Dass sich der Mensch so erfolgreich auf diesem Planeten ausgebreitet hat, verdankt er auch seiner Technologie. Schon früh entwickelte er Werkzeuge: Zu Beginn waren es einfache Steingeräte wie Faustkeile, mit der Zeit wurden sie immer ausgeklügelter und komplizierter, wie etwa Pfeil und Bogen. Schon tausende Jahre alte Höhlenmalereien zeigen Abbildungen von Bogenschützen. Das Jagdgerät ist fast geräuschlos und kann große Distanzen überwinden. In dieser Technik steckt bereits recht viel Physik. Man könnte vermuten, dass unsere Vorfahren zumindest gewisse Zusammenhänge verstehen mussten, um so ein Ding überhaupt zu bauen.

Muss aber nicht sein, meinen nun die Forscher um Maxime Derex von der University of Exeter. Viele kleine Verbesserungen über viele Generationen können ebenfalls zu einem optimalen Produkt führen, schreiben sie in ihrer soeben erschienenen Studie. Und am Ende muss keiner wissen, warum das so gut funktioniert, geschweige denn die dahinterliegenden physikalischen Gesetze kennen.

Evolution im Labor

Dies ergaben zumindest die im Rahmen der Studie durchgeführten Experimente. Sie sollten technologische Weiterentwicklungen im Labor nachzeichnen. Konkret ging es um die Optimierung eines physikalischen Systems: ein Rad, das über eine ein Meter lange Rampe rollt. Das Rad besitzt vier Speichen – an jeder befindet sich ein verschiebbares Gewicht. Das Ziel: Das Rad sollte (durch Verschieben der Gewichte in die Mitte oder zum Rand der Speichen) möglichst schnell abwärts rollen. Fünf Generationen bzw. fünf Probanden durften sich hintereinander an der Verbesserung des Systems versuchen. Jeder einzelnen hatte fünf Versuche. Die letzten zwei Einstellungen (am Rad) waren für die nächste Generation (also Testperson in der Reihe) zu sehen.

Video zum Experiment

Laut den Autoren ist dieses Testsystem ideal: Das Problem ist für die meisten unbekannt, außerdem komplex genug, aber nicht so kompliziert wie etwa Pfeil und Bogen. Physikalisch sind zwei Dinge wichtig: Das Trägheitsmoment und der Massenmittelpunkt entscheiden, wie schnell das Rad rollen kann.

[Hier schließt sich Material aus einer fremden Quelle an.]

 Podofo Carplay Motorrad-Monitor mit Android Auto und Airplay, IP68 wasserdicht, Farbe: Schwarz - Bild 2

Das Problemverständnis wurde immer anschließend an die eigenen Versuche getestet. Dabei ging es nicht um physikalische Details. Die Probanden sahen lediglich zwei mögliche Anordnungen der Gewichte am Rad und sollten entscheiden, welche davon schneller war, z.B. sollte er oder sie erkennen, dass ein Rad, bei dem alle vier Gewichte in der Nähe der Achse waren, schneller ist als eines, bei dem sich alle vier am Rand der Speichen befanden. Insgesamt wurden zehn solche Paarungen abgefragt.

Ohne Verständnis

Nach 14 Testreihen werteten die Forscher die Ergebnisse aus. Tatsächlich wurden die Räder mit jeder Generation schneller, um ein Fünftel in nur vier Generationen - fast bis zur maximal möglichen Geschwindigkeit, schreiben die Studienautoren. Bei der Beantwortung der Verständnisfragen sah es ganz anders aus: Bis zur letzten Generation hatte anscheinend keiner begriffen, was zur Optimierung des Systems beigetragen hat.

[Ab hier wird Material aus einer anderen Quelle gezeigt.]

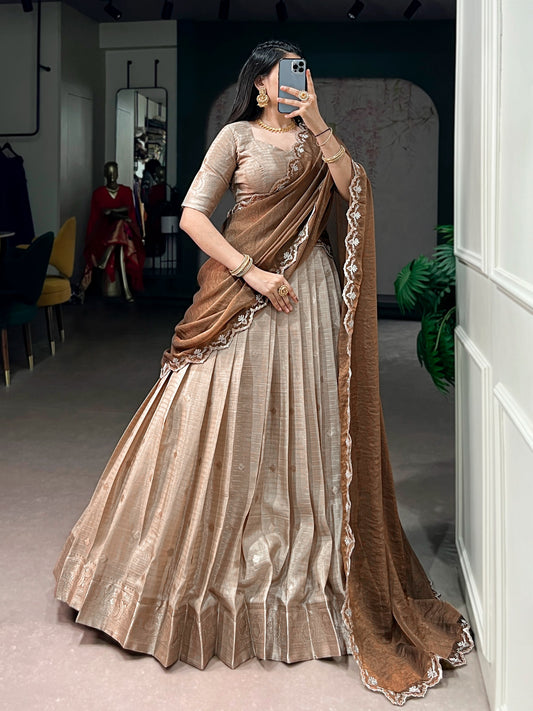 Chinnon Silk Checked Readymade Dhavani Collection – ₹1799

Bei manchen Experimenten durften die Teilnehmer auch theoretische Erklärungen an die nächste Generation weitergeben. Das änderte allerdings nicht wirklich viel am Weiterentwicklungsprozess, berichten die Forscher. Es hielt die Teilnehmer eher vom Experimentieren ab und verstellte den Blick auf andere nicht in der übermittelten Theorie enthaltenen Verbesserungsmöglichkeiten.

Jedenfalls zeigen die Experimente, dass man bei der Interpretation von archäologischen Artefakten vorsichtig sein muss, betonen die Autoren. Man könne von komplexen Werkzeugen nicht automatisch auf die kognitiven Fähigkeiten der Erzeuger schließen. „Natürlich ist Intelligenz wichtig“, meint dazu Koautor Rob Boyd von der Arizona State University in einer Aussendung. Aber sie reicht nicht aus. „Unsere Fähigkeit voneinander zu lernen, ermöglicht die kumulierte kulturelle Evolution von Technologien, die - wenn überhaupt - nur teilweise verstanden werden."